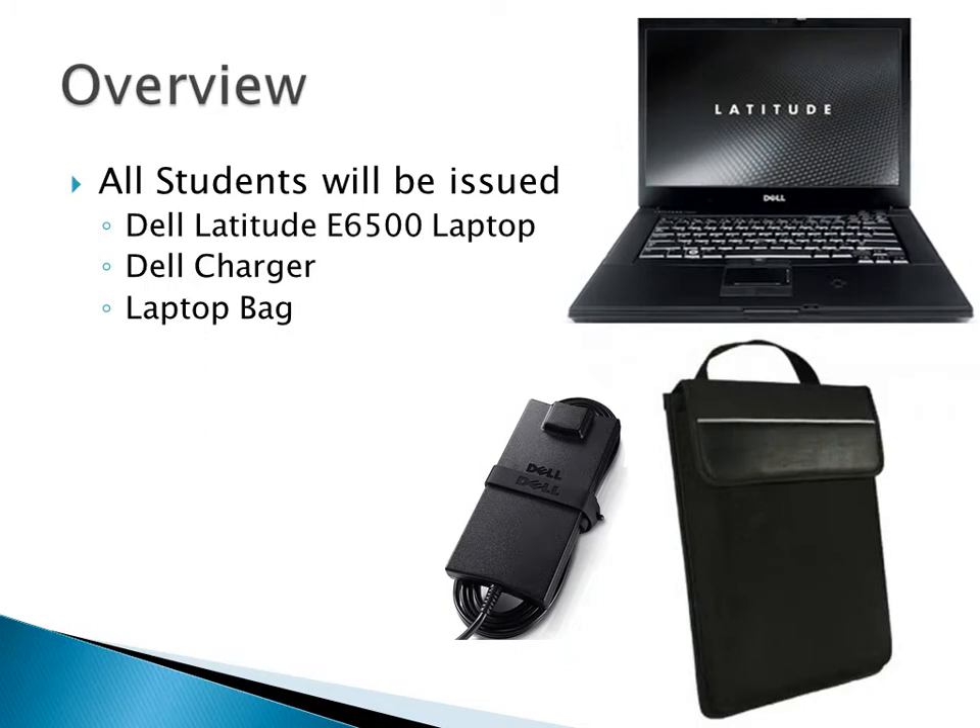So what are you guys going to get issued? You're all going to get issued a Dell Latitude E6500 laptop. These are really nice, high-end laptops. The treasurer uses it, the superintendent uses it. It's what I have. It's not like you're getting something worse than what anybody else has — it's better than what Mr. Sanderson has.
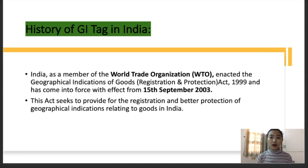In the history of GI tags in India, in December 1999 the parliament passed the Geographical Indications of Goods Registration and Protection Act of 1999. India, as a member of the World Trade Organization, enacted this Geographical Indications of Goods Registration and Protection Act, and it came into force with effect from 15th September 2003. This act seeks to provide for the registration and better protection of geographical indications relating to goods in India. The act is administered by the Controller General of Patents, Design and Trademarks, who is also the Registrar of Geographical Indications.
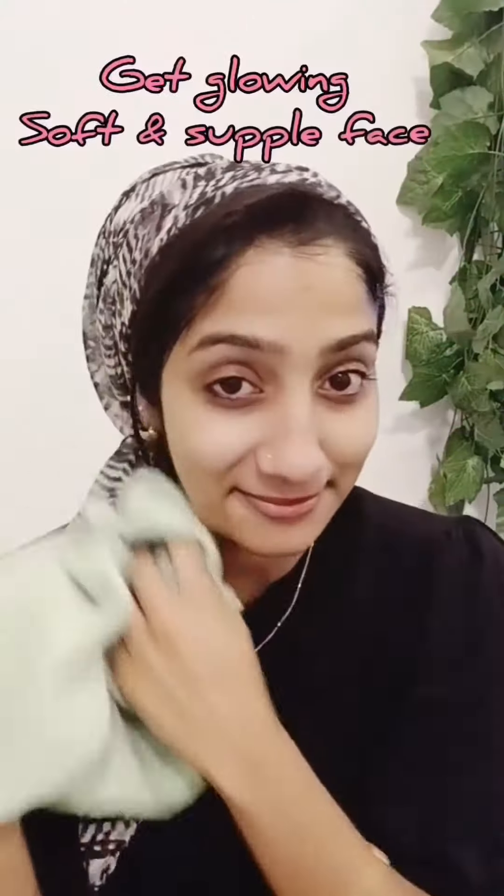We are going to use face wash first. It is not a bad smell. We are going to wipe the skin. It is glowing and soft.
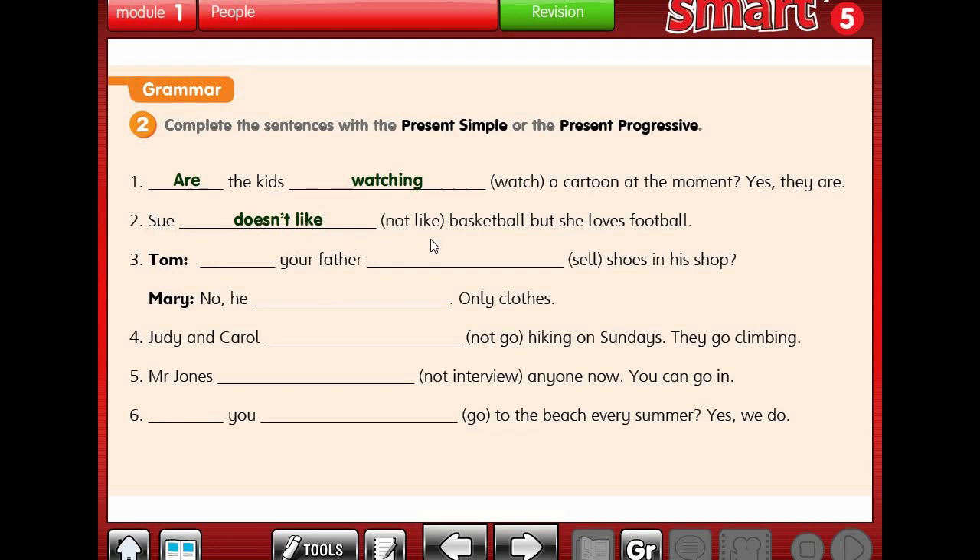Number 3: Tom is asking Mary - does your father sell shoes in his shop? Her father sells only clothes. Is that happening at the moment? No. So we use present simple. Does your father sell shoes in his shop? No, he doesn't. He sells only clothes.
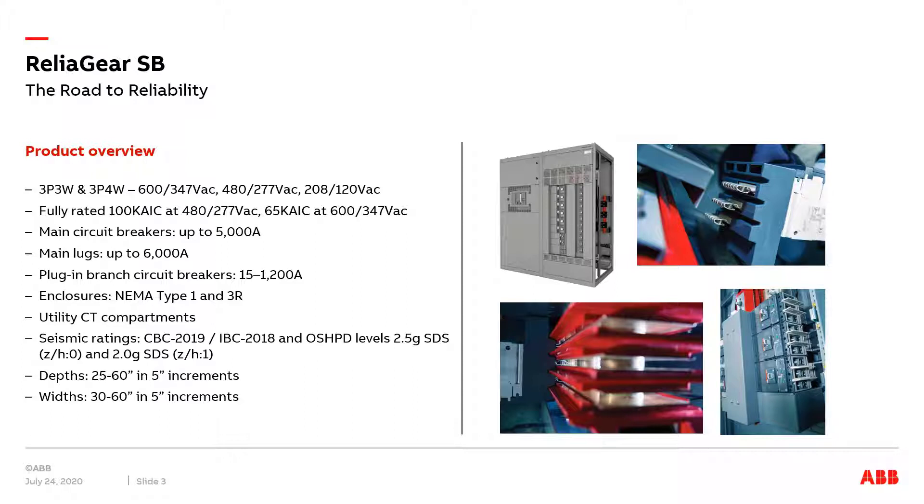With ratings up to 100k AIC at 480 volts for the U.S. market and 65k AIC at 600 volts for the Canadian market, ReliGear SB offers smart, safe, and sustainable solutions.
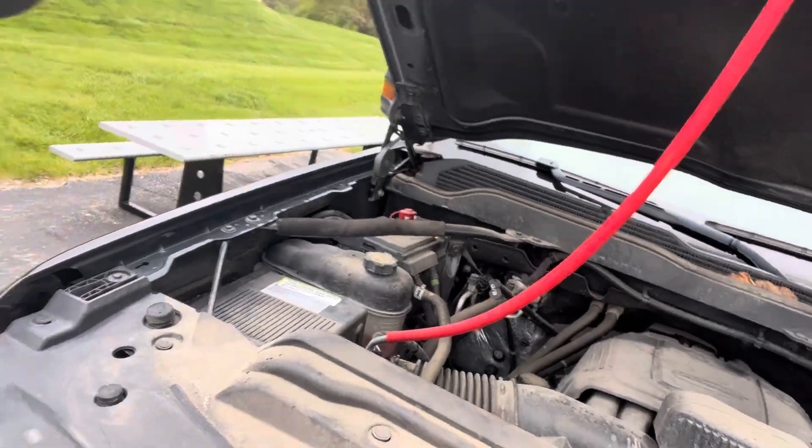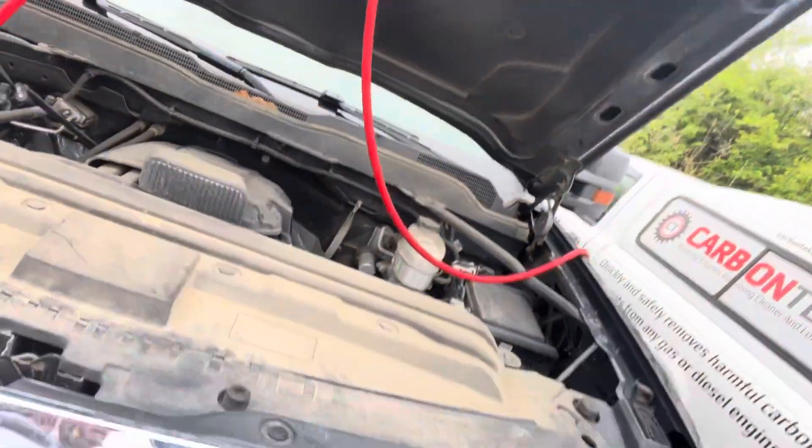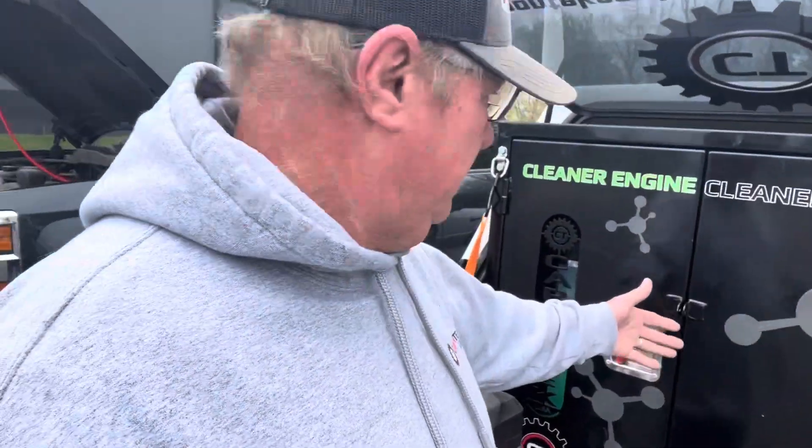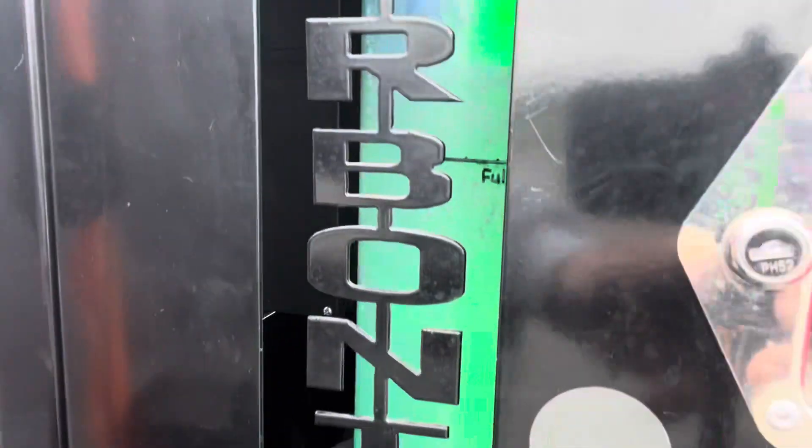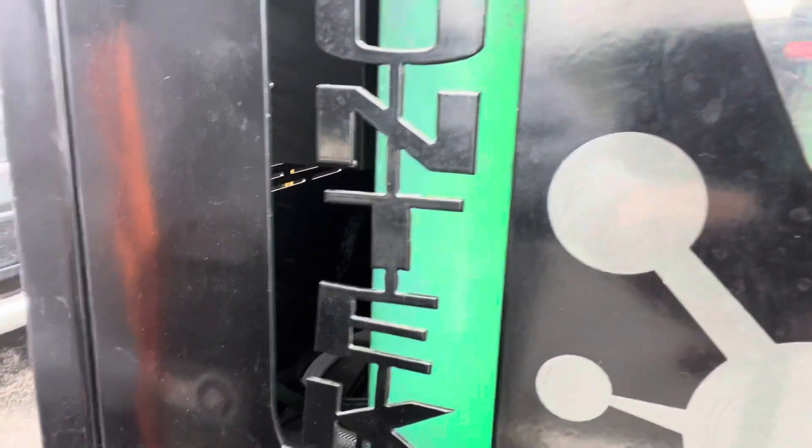You can see how simple it is. Right there, just like that. It's one hose, it's one hour. The black box makes the hydrogen. Get a good look at that — look at it bubbling. Everybody always likes to watch the bubbles. Box makes the hydrogen. One red hose, no chemicals, no messing around mixing anything, no disassembly. Right into the air intake. One hose, one hour. It's just that simple.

═══

▶ Exercise instructions:
Write out the full listing verbatim, excluding its pictures.

▶ Expected output:
So what are you guys going to get issued? You're all going to get issued a Dell Latitude E6500 laptop. These are really nice, high-end laptops. The treasurer uses it, the superintendent uses it. It's what I have. It's not like you're getting something worse than what anybody else has — it's better than what Mr. Sanderson has.
In the history of GI tags in India, in December 1999 the parliament passed the Geographical Indications of Goods Registration and Protection Act of 1999. India, as a member of the World Trade Organization, enacted this Geographical Indications of Goods Registration and Protection Act, and it came into force with effect from 15th September 2003. This act seeks to provide for the registration and better protection of geographical indications relating to goods in India. The act is administered by the Controller General of Patents, Design and Trademarks, who is also the Registrar of Geographical Indications.
We are going to use face wash first. It is not a bad smell. We are going to wipe the skin. It is glowing and soft.
Number 3: Tom is asking Mary - does your father sell shoes in his shop? Her father sells only clothes. Is that happening at the moment? No. So we use present simple. Does your father sell shoes in his shop? No, he doesn't. He sells only clothes.
With ratings up to 100k AIC at 480 volts for the U.S. market and 65k AIC at 600 volts for the Canadian market, ReliGear SB offers smart, safe, and sustainable solutions.
You can see how simple it is. Right there, just like that. It's one hose, it's one hour. The black box makes the hydrogen. Get a good look at that — look at it bubbling. Everybody always likes to watch the bubbles. Box makes the hydrogen. One red hose, no chemicals, no messing around mixing anything, no disassembly. Right into the air intake. One hose, one hour. It's just that simple.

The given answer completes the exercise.